Want to keep learning?

This content is taken from the Wellcome Genome Campus Advanced Courses and Scientific Conferences's online course, Bacterial Genomes: From DNA to Protein Function Using Bioinformatics. Join the course to learn more.
A variety of cups and mugs with one larger blue jug
Cups and mugs can be quite different but they all serve a similar purpose

Similar is not the same but it helps!

In this article you will be introduced to the concept of homology annotation, a way to identify sequences that are similar to one another.

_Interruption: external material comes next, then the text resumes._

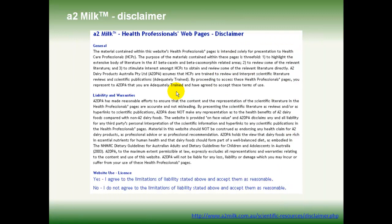Before I do that, I'm going to issue a disclaimer. This is not something I would normally do, but when I went to the website for this particular product, A2 Milk, I saw that I had to agree to limitations of liability if I wanted to access certain parts of the site. So here's the disclaimer: in this talk, I'm referring to a particular study done on A2 Milk, but I'm not making any general conclusions about A2 Milk with respect to allergies or other health issues. Having said that, let's move on.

Imagine that you have never seen a coffee mug before. However, you have drunk water from a tumbler glass, a paper cup and even used your hands as a vessel. When you see an “unknown item” (i.e. coffee mug), despite its unfamiliar form, with a handle sticking out of one side, because of the shape of this item you can infer it might (or at least could) be used for the same purpose of holding or drinking a liquid. Very intuitive, right?

Assigning the same function to things that look similar is innate to human nature. The same process can be used for protein sequences.

Now imagine that we have a large collection of protein sequences (e.g. 1000) only 20 of which we know the function. We can use a similar approach to that used with the coffee mug to infer their functions: sequences that look the same have a good chance of doing the same thing.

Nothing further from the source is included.